# Introduction

<div class="alert alert-warning">
<font color=black>

**What?** K-fold cross validation, grid/random search from scratch

</font>
</div>

# Import modules

In [1]:
import numpy as np
import pandas as pd

## K-Fold Cross Validation

One of the most common technique for model evaluation and model selection in machine learning practice is K-fold cross validation. The main idea behind cross-validation is that each observation in our dataset has the opportunity of being tested. K-fold cross-validation is a special case of cross-validation where we iterate over a dataset set k times. In each round, we split the dataset into $k$ parts: one part is used for validation, and the remaining $k-1$ parts are merged into a training subset for model evaluation. The figure below illustrates the process of 5-fold cross-validation:

![image.png](attachment:image.png)

We use a learning algorithm with fixed hyperparameter settings to fit models to the training folds in each iteration. In 5-fold cross-validation, this procedure will result in 5 models fitted on distinct yet partly overlapping training sets and evaluated on non-overlapping validation sets. Eventually, we compute the cross-validation performance as the arithmetic mean over the $k$ performance estimates from the validation sets. The main benefit behind this approach versus a simple train/test split is to reduce the pessimistic bias by using more training data in contrast to setting aside a relatively large portion of the dataset as test data.

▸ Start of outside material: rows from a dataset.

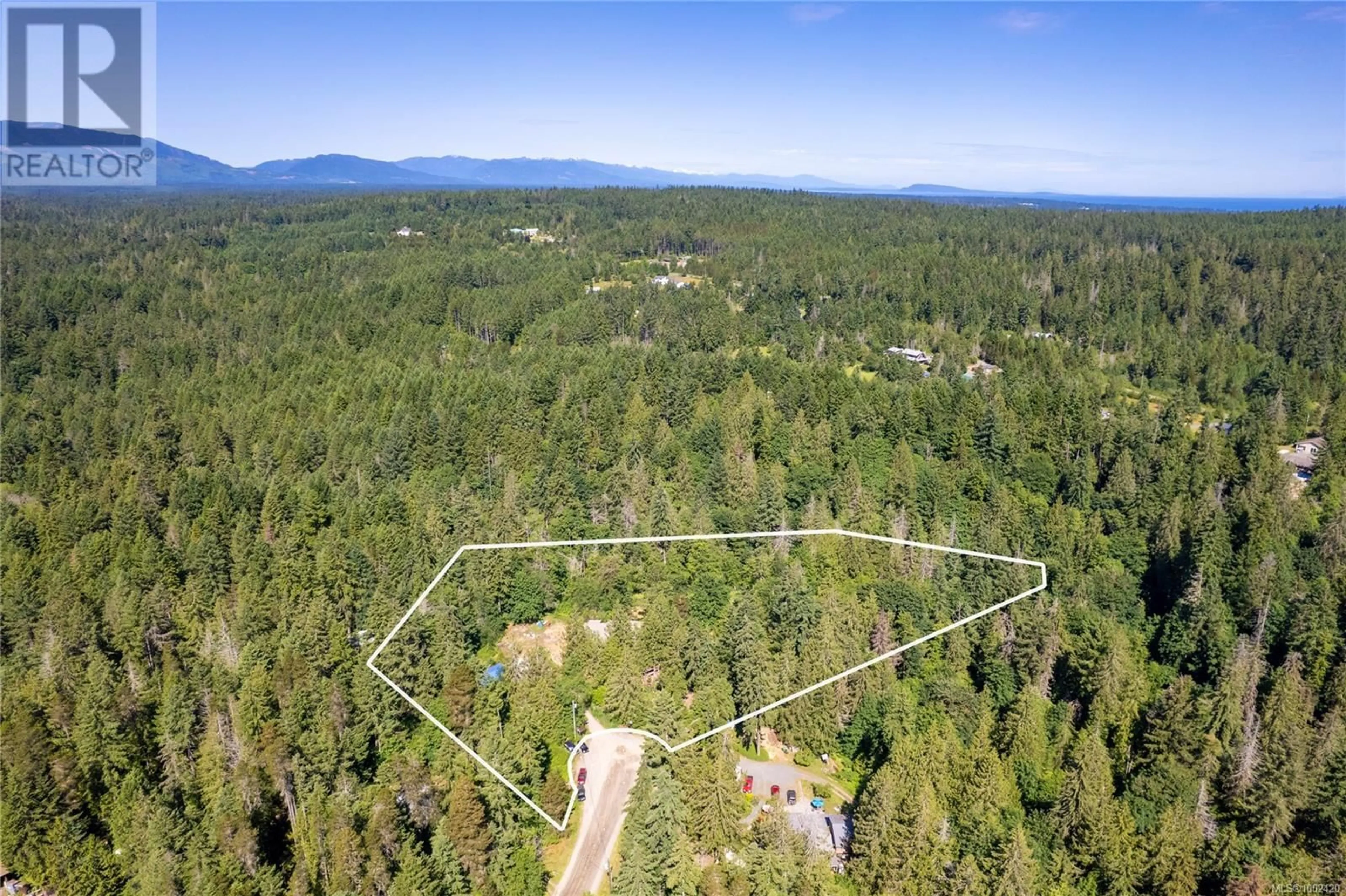A pic from outside/outdoor area/front of a property/back of a property/a pic from drone, forest/trees view for 1550 WELLS PLACE, Errington British Columbia V0R1V0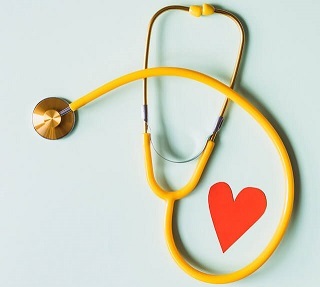 Gelbes Stethoskop mit einem roten Herz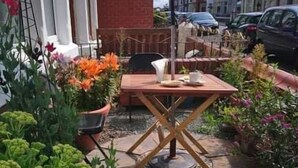 An outdoor patio area with a table and chairs, surrounded by potted plants and a gravel ground. - Renovated 4-bed Home, Sleeps 9 With Parking & Spa (Blackpool)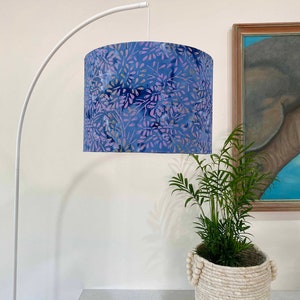 Pu&ograve; includere: Una lampada da terra ad arco bianca con un paralume a motivi floreali blu e viola. La lampada si trova in una stanza con una parete bianca e una pianta in un cesto intrecciato.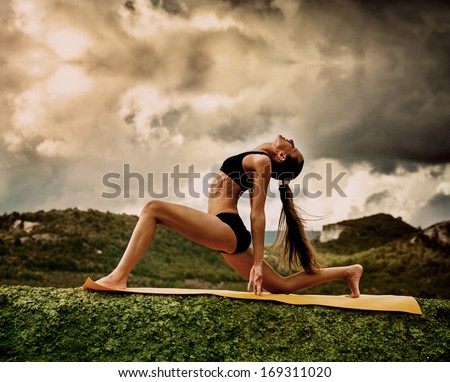 Slim Young Woman Makes Warrior Yoga Pose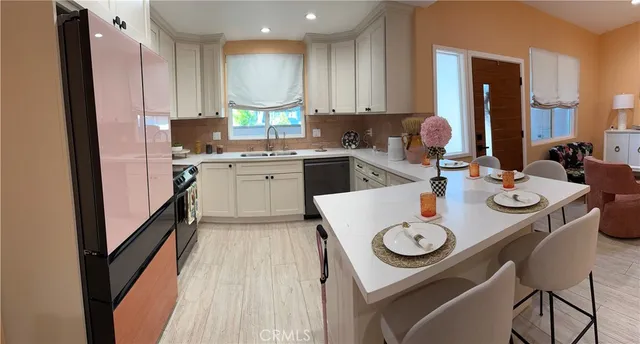 a kitchen with stainless steel appliances granite countertop a sink a stove a refrigerator and island with wooden floor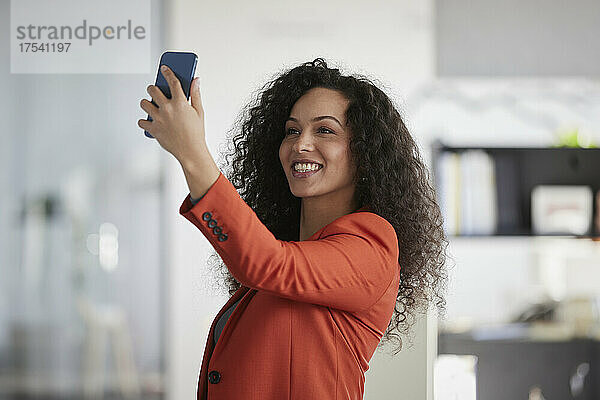 Lächelnde Geschäftsfrau  die am Arbeitsplatz ein Selfie mit dem Smartphone macht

The following section shows a vanilla implementation of how to generate a K-fold data split.

In [2]:
class KFolds:
    """
    K-Folds cross-validation
    Provides train/test indices to split data in train/test sets. Split
    dataset into k consecutive folds; Each fold is then used once as 
    a validation while the k - 1 remaining folds form the training set

    Parameters
    ----------
    n_splits : int
        number of folds. Must be at least 2
    
    shuffle : bool, default True
        whether to shuffle the data before splitting into batches
    
    seed : int, default 4321
        When shuffle = True, pseudo-random number generator state used for
        shuffling; this ensures reproducibility
    """
    def __init__(self, n_splits, shuffle = True, seed = 4321):
        self.seed = seed
        self.shuffle = shuffle
        self.n_splits = n_splits
        
    def split(self, X):
        """pass in the data to create train/test split for k fold"""
        # shuffle modifies indices inplace
        n_samples = X.shape[0]
        indices = np.arange(n_samples)
        if self.shuffle:
            rstate = np.random.RandomState(self.seed)
            rstate.shuffle(indices)

        for test_mask in self._iter_test_masks(n_samples, indices):
            train_index = indices[np.logical_not(test_mask)]
            test_index = indices[test_mask]
            yield train_index, test_index
        
    def _iter_test_masks(self, n_samples, indices):
        """
        create the mask for the test set, then the indices that
        are not in the test set belongs in the training set
        """
        # indicate the number of samples in each fold, and also
        # make sure the ones that are not evenly splitted also
        # gets assigned to a fold (e.g. if we do 2 fold on a
        # dataset that has 5 samples, then 1 will be left out,
        # and has to be assigned to one of the other fold)
        fold_sizes = (n_samples // self.n_splits) * np.ones(self.n_splits, dtype = np.int)
        fold_sizes[:n_samples % self.n_splits] += 1

        current = 0
        for fold_size in fold_sizes:
            start, stop = current, current + fold_size
            test_indices = indices[start:stop]
            test_mask = np.zeros(n_samples, dtype = np.bool)
            test_mask[test_indices] = True
            yield test_mask
            current = stop

In [4]:
# create some sample data
X = np.array([[1, 2], [3, 4], [1, 2], [3, 4], [5, 6]])
y = np.array([1, 2, 3, 4, 5])

kf = KFolds(n_splits = 2, shuffle = False, seed = 4312)
for train_index, test_index in kf.split(X):
    print("TRAIN:", train_index, "TEST:", test_index)
    X_train, X_test = X[train_index], X[test_index]
    y_train, y_test = y[train_index], y[test_index]
    

from sklearn.model_selection import KFold
print('\nconfirm results with scikit-learn')
kf = KFold(n_splits = 2, shuffle = False)
for train_index, test_index in kf.split(X):
    print("TRAIN:", train_index, "TEST:", test_index)
    X_train, X_test = X[train_index], X[test_index]
    y_train, y_test = y[train_index], y[test_index]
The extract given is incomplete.